### Task goal
Copy out each line below that has the word "Knit" in it.

### Record set

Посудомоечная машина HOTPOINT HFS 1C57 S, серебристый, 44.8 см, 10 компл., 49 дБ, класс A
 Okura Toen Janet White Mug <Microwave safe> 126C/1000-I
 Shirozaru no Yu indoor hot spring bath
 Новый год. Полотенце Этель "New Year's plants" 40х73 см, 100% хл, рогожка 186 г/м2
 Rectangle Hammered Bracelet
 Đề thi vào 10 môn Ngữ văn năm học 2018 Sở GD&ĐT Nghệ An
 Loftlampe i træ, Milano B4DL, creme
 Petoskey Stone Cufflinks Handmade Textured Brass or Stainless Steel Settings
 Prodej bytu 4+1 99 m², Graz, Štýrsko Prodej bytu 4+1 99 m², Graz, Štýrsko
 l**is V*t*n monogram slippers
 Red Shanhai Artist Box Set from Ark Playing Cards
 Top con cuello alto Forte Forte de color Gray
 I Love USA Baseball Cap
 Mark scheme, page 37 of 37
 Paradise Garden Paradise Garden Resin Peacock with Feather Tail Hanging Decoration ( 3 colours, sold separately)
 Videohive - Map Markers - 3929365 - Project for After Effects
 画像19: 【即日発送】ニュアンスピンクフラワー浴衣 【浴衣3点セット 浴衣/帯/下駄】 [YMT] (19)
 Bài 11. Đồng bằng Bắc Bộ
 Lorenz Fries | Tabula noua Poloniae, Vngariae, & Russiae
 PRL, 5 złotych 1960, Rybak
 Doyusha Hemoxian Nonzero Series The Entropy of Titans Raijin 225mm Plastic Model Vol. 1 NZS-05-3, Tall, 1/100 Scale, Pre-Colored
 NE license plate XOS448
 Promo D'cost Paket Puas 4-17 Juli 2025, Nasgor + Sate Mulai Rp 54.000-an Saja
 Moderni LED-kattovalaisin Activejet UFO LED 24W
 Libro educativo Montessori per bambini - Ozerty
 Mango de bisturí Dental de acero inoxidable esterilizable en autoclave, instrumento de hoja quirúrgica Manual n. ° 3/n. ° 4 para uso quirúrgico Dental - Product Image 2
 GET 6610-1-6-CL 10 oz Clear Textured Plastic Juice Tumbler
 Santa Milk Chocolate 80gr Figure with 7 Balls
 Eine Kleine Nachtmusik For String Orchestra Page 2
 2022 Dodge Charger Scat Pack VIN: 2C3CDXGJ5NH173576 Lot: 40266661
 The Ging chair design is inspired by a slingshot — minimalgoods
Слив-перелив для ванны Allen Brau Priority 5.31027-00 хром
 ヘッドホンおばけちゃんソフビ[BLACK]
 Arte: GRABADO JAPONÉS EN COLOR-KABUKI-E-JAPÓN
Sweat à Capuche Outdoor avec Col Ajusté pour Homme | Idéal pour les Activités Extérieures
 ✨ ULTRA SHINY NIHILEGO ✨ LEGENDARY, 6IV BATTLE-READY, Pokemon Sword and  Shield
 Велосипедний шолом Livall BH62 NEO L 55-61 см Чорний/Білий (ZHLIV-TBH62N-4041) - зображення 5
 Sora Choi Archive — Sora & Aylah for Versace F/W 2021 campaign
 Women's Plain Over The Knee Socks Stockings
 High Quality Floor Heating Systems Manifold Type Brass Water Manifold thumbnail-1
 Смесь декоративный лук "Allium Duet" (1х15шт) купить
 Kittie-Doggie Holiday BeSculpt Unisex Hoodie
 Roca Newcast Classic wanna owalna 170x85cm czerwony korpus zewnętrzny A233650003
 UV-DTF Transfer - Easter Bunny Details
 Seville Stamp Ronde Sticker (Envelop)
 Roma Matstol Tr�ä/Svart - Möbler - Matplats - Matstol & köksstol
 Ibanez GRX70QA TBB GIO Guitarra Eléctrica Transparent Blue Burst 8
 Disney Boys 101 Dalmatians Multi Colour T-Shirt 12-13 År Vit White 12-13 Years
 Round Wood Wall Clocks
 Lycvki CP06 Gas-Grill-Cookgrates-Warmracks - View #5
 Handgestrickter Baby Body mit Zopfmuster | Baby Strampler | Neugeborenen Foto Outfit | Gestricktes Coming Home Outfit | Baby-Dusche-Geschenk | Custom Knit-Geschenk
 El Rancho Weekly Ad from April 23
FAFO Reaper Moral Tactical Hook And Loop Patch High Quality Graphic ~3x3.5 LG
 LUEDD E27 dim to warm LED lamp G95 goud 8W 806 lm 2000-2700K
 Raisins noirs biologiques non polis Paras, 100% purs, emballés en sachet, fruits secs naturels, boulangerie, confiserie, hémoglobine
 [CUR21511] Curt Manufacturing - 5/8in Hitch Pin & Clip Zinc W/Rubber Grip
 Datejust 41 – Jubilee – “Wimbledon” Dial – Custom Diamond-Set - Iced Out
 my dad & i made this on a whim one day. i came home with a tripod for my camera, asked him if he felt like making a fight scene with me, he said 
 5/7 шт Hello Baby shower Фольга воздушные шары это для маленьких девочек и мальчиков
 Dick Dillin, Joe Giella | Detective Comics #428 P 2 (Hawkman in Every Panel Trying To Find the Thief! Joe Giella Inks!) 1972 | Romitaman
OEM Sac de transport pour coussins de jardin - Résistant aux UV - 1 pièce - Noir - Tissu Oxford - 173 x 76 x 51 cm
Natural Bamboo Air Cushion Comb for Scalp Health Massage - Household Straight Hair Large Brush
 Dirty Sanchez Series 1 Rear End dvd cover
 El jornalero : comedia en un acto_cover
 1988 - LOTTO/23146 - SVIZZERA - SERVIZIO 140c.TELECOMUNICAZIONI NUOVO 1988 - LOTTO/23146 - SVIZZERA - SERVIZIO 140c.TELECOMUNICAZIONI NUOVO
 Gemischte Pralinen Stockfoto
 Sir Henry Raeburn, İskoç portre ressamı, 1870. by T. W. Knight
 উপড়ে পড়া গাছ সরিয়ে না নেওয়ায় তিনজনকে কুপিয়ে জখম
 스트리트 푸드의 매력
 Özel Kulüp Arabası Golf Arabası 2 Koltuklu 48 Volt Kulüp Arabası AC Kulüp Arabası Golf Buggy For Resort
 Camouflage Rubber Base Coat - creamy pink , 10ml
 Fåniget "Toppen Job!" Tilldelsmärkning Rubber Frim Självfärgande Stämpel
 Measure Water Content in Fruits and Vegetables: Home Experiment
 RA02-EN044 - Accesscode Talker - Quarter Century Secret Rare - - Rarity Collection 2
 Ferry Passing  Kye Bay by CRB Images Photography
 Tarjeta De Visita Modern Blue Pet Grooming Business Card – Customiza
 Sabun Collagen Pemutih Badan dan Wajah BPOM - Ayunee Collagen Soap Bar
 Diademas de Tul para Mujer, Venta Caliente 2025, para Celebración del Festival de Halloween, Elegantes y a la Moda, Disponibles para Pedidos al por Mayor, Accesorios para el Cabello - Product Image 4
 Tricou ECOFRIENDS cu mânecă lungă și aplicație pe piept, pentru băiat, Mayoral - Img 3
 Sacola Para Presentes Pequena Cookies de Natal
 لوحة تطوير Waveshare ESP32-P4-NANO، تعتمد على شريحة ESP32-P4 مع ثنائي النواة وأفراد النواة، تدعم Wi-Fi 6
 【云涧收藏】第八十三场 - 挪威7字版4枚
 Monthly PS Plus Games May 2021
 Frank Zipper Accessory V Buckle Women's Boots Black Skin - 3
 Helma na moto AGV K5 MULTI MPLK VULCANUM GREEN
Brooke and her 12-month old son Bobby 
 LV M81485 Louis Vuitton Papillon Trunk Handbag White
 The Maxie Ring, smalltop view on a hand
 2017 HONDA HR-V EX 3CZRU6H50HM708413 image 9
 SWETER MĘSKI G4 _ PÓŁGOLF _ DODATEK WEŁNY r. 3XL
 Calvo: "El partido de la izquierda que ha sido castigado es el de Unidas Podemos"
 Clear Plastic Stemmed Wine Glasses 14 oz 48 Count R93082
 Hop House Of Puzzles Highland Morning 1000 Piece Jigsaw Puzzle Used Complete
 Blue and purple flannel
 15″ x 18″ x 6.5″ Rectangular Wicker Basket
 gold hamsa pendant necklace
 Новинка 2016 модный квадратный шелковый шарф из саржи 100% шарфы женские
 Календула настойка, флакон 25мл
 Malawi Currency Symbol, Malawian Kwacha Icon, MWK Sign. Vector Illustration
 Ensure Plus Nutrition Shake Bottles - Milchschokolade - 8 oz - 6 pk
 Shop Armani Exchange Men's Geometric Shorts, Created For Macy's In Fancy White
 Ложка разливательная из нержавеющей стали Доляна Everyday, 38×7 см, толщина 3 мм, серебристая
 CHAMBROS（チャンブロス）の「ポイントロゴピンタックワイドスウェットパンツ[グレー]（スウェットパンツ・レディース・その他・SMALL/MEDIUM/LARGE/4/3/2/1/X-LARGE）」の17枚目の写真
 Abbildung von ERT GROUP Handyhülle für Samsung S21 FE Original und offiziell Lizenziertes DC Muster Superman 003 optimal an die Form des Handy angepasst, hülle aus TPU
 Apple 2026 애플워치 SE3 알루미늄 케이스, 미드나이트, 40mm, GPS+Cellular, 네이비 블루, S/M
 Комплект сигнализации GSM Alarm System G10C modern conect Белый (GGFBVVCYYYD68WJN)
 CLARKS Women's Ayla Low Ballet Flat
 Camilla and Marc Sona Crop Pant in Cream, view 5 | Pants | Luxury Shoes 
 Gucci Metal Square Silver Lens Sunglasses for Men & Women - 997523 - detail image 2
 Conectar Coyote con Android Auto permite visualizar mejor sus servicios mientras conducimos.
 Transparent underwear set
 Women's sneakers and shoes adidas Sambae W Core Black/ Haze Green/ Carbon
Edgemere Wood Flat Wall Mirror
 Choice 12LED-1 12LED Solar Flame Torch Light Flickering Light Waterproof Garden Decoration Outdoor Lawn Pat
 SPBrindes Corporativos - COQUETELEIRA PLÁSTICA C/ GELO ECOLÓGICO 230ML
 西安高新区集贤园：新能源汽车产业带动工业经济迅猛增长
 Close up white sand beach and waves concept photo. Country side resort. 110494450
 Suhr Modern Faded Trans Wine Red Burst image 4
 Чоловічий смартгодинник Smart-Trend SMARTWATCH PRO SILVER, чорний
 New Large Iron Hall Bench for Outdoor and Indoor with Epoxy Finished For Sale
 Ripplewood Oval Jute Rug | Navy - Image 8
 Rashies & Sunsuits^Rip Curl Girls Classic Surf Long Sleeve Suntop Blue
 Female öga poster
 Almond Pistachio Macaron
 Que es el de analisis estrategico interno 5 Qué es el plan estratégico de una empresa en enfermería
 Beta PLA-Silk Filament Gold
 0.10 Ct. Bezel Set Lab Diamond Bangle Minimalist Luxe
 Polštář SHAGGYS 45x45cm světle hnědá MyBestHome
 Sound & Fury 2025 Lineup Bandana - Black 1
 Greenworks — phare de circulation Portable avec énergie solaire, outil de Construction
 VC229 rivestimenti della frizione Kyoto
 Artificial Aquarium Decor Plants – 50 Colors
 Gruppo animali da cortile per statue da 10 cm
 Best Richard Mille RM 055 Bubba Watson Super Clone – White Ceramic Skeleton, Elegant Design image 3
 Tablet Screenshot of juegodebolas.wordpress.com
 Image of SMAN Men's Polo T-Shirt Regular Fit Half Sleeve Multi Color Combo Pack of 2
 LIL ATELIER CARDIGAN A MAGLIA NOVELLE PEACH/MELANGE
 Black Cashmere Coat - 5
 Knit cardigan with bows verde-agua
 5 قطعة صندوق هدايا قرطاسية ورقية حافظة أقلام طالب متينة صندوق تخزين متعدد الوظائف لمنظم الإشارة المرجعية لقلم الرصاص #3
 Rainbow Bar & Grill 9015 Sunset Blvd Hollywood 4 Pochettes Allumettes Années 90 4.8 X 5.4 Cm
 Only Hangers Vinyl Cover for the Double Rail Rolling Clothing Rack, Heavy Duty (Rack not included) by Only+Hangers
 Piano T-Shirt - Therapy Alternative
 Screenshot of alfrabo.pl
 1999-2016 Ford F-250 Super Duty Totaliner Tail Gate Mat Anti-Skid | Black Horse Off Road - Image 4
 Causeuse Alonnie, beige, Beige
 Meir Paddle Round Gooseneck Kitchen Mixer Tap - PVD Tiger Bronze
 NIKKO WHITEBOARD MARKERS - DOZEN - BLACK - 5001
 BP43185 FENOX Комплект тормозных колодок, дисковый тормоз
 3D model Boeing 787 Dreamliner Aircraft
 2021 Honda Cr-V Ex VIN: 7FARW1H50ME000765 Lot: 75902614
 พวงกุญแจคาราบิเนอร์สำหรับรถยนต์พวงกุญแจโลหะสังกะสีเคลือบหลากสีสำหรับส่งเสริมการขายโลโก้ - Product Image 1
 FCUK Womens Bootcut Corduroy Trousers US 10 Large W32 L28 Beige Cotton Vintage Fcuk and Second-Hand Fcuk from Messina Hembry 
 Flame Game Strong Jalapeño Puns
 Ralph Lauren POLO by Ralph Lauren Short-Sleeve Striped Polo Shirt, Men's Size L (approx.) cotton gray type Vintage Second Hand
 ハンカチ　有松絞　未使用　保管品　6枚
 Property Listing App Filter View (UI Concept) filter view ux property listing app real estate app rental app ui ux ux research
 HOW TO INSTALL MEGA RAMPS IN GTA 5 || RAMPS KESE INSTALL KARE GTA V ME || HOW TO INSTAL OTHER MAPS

### Answer to the problem
 Handgestrickter Baby Body mit Zopfmuster | Baby Strampler | Neugeborenen Foto Outfit | Gestricktes Coming Home Outfit | Baby-Dusche-Geschenk | Custom Knit-Geschenk
 Knit cardigan with bows verde-agua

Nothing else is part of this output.